Mr. INGRAM. You file a quarterly report?

Mr. DEBRULER. Yes.

Mr. INGRAM. Have there been reports or allegations of improprieties filed with the Intelligence Oversight Board?

Mr. DEBRULER. Questions are taken up on occasion with the Department for discussion with the Intelligence Oversight Board.

Mr. INGRAM. Could you tell us, sir, how you are defining "impropriety" in terms of the definition of the Executive order? It is not defined in the Executive order and I am curious to know your definition as to what impropriety is.

Mr. DEBRULER. Those things that would be criminal in nature and that type of thing.

Mr. INGRAM. Would it go beyond the criminal violation? In other words, would an impropriety strictly be a violation of domestic law or would it go beyond that in terms of an improper use of intelligence functions?

In other words, the Executive order does not define what impropriety is. I am curious as to how the Bureau is defining it.

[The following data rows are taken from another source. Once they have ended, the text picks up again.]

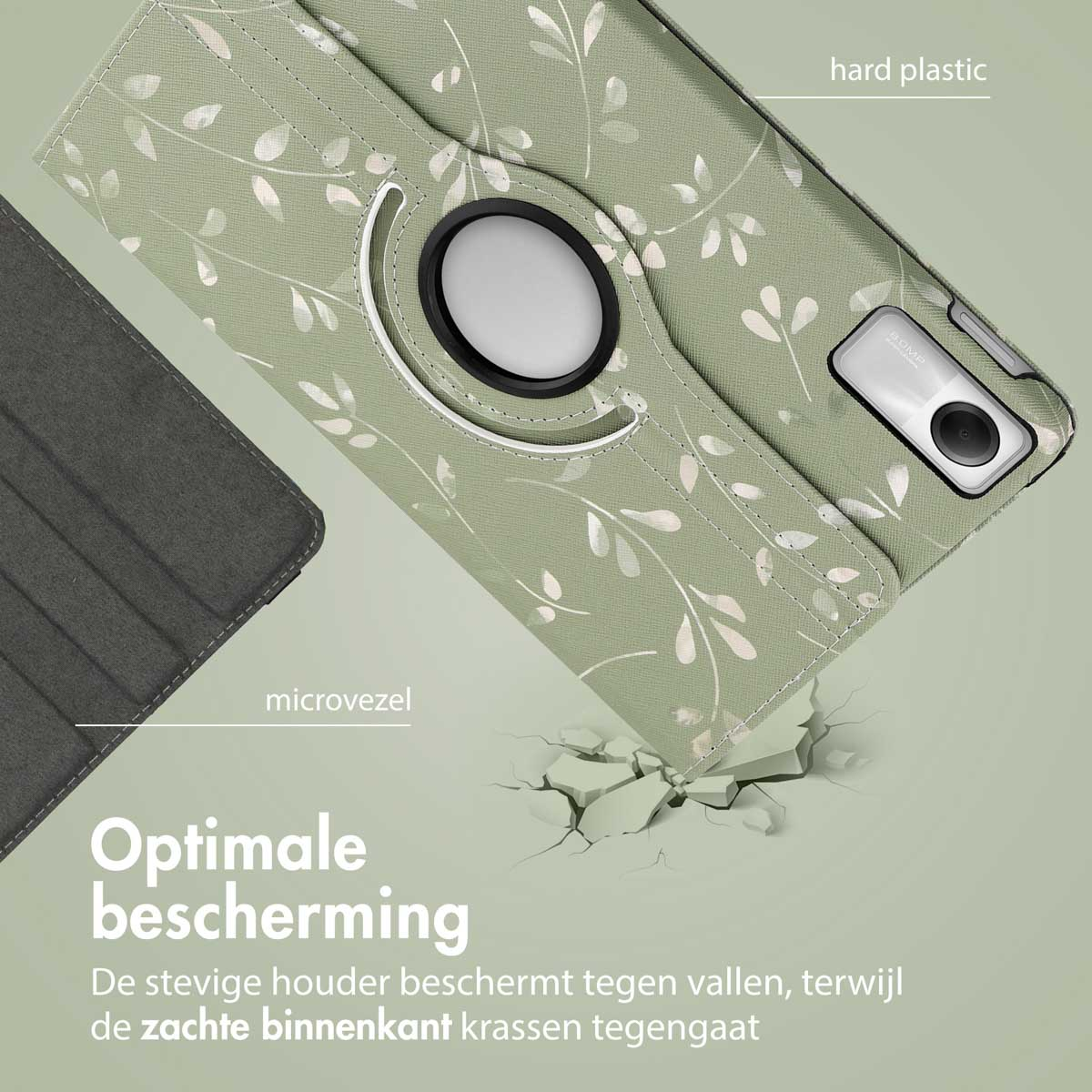 A tablet case with a floral design in green and white. The case is open, with a tablet inside and text.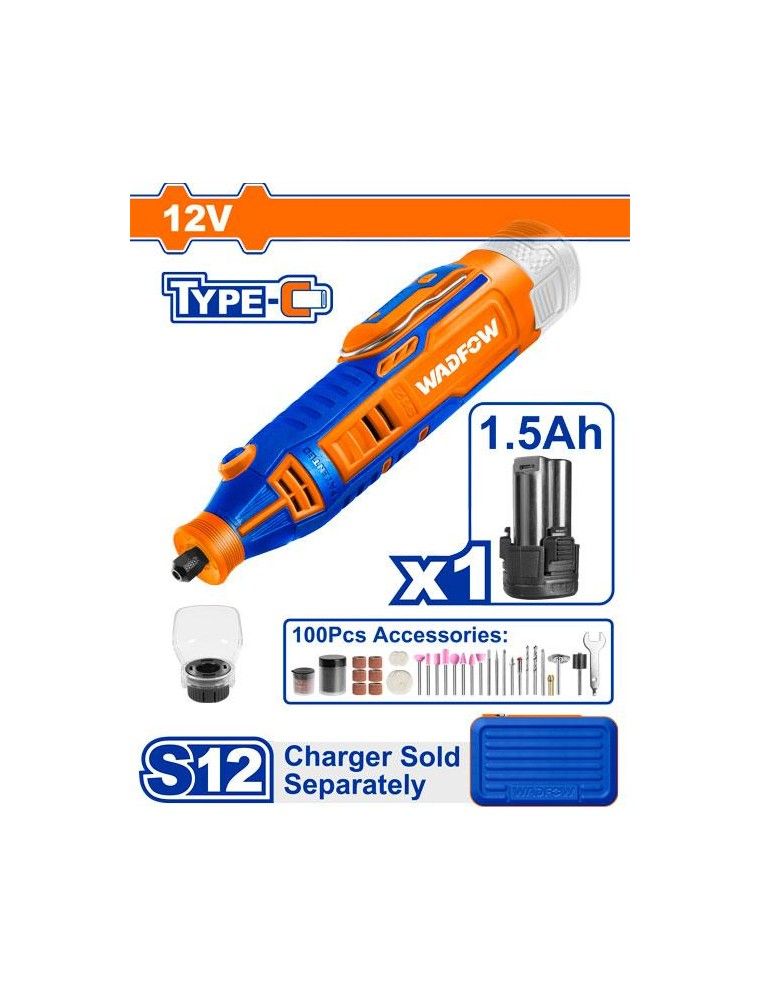 MINI MEULEUSE 12V + 100 ACCESSOIRES WRY1M121 WADFOW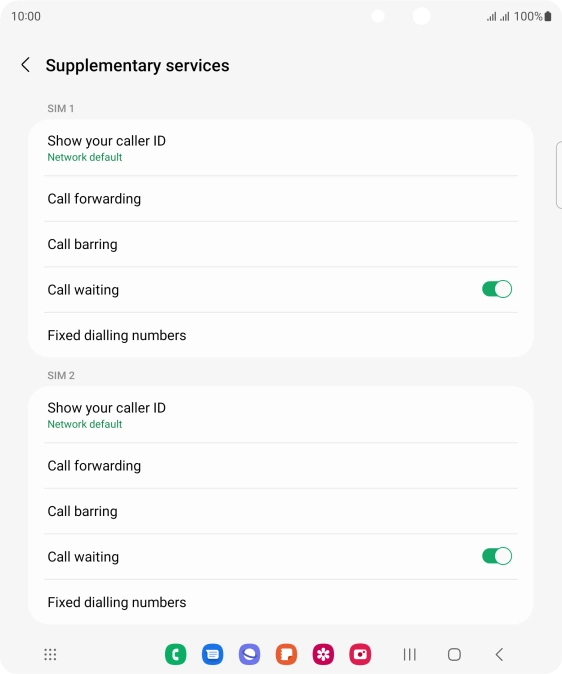 Press Fixed dialling numbers below the required SIM.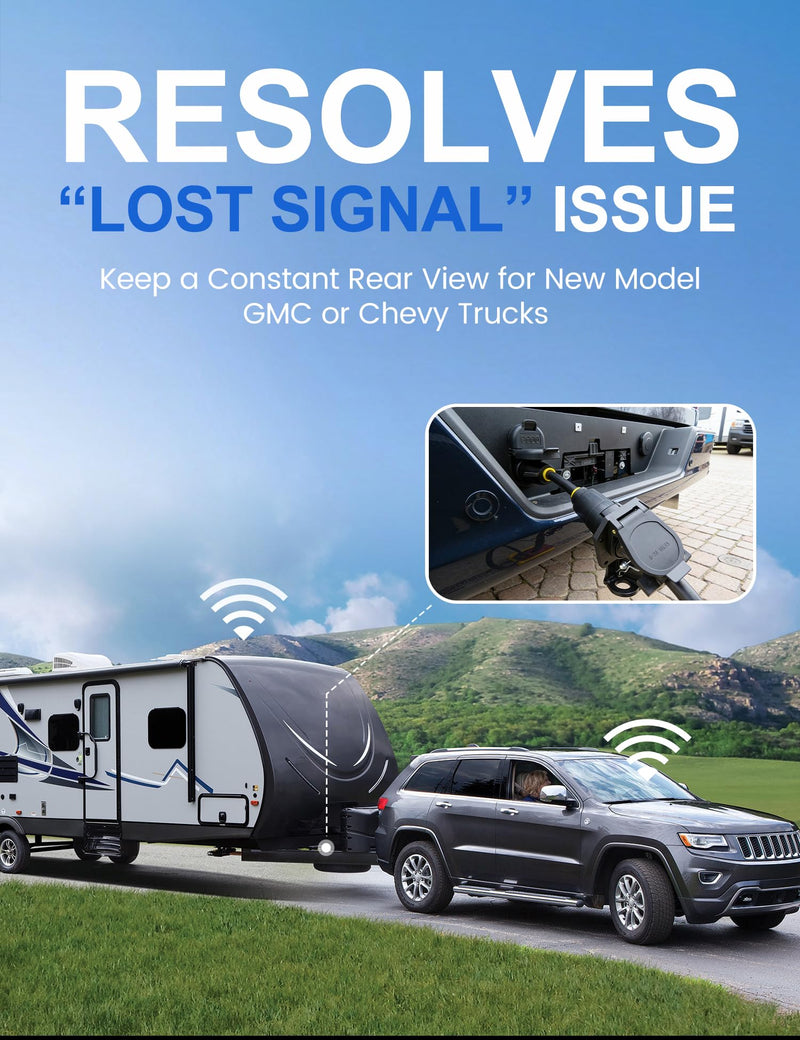 EWAY 7-Way Adapter with Power Switch for Furrion RV Backup Camera System, Plug and Play for Tow Vehicle to RV Wireless Observation Cameras, Provides 12V Power to Camera Through 7-Pin Connector
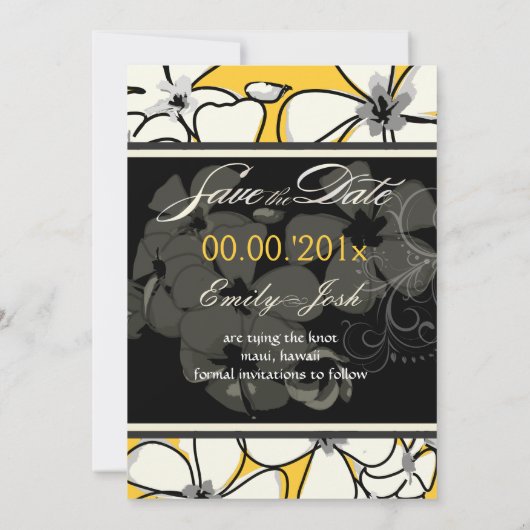 PixDezines Plumeria sparen de Datum/de kleur van d Save The Date (Achterkant)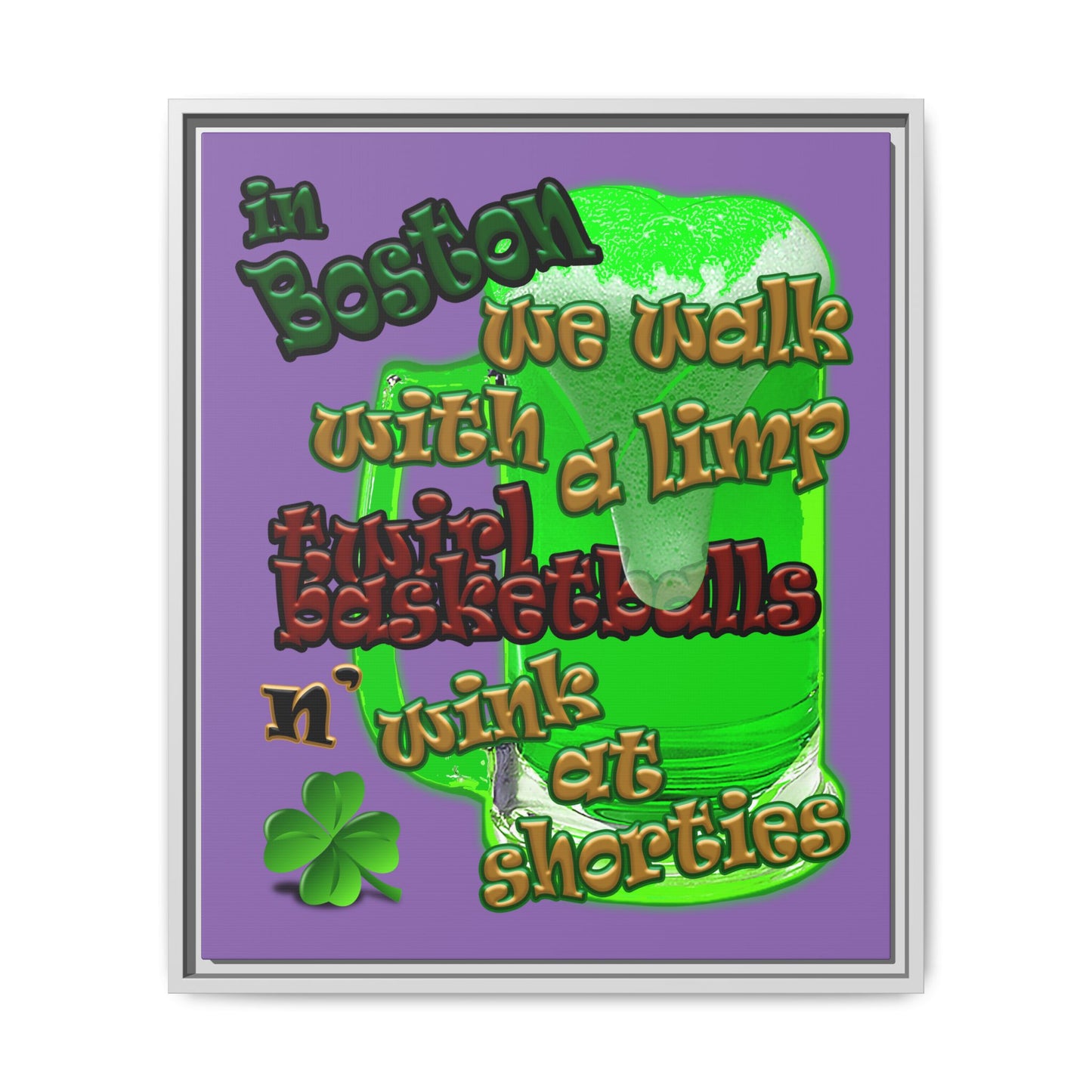 celtics logo - framed canvas art (light purple)
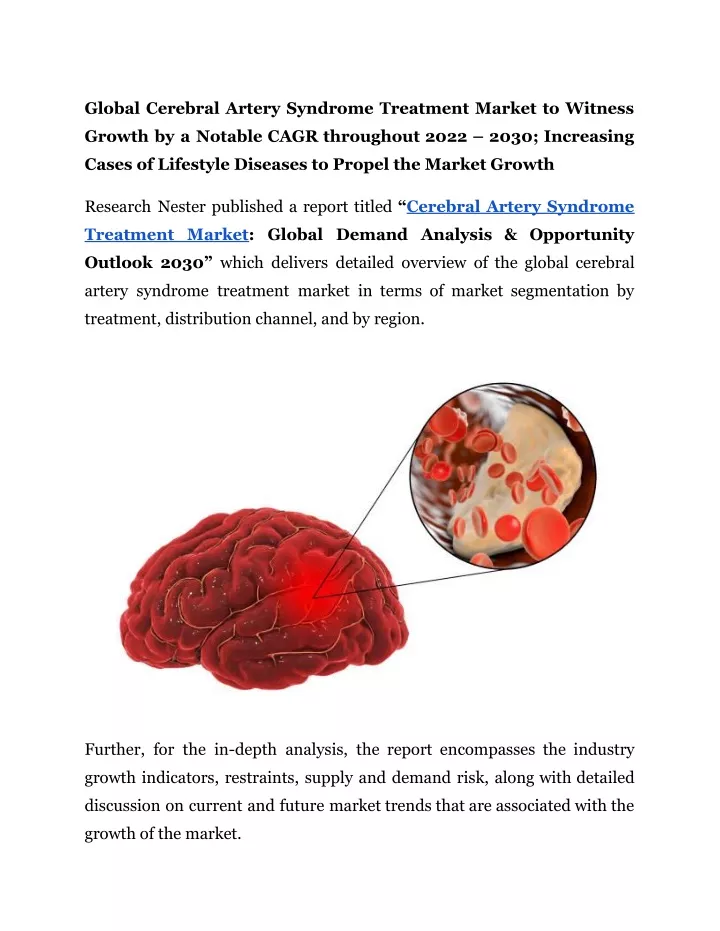 global cerebral artery syndrome treatment market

Mr. Mintz, could you give us a definition as to what "impropriety" is under the Executive order?

Mr. MINTZ. The order talks about things that are questionable. It has been my policy to engage problems that raise questions of possible illegality. Some of the areas appear to be related to the statutes, and some of the areas appear where there are no statutory provisions. So, we make reports involving areas where the activities may be questionable, even though there is no specific statutory or case law prohibition. Mr. INGRAM. So it is a broader definition than simply a legal violation?

Mr. MINTZ. Yes.

Mr. INGRAM. If, for example, a legal attaché in a foreign embassy were involved in an intelligence-gathering operation against the foreign national, which would not be a violation of American law, would that be the type of thing that would fall within your definition of impropriety that might be reported?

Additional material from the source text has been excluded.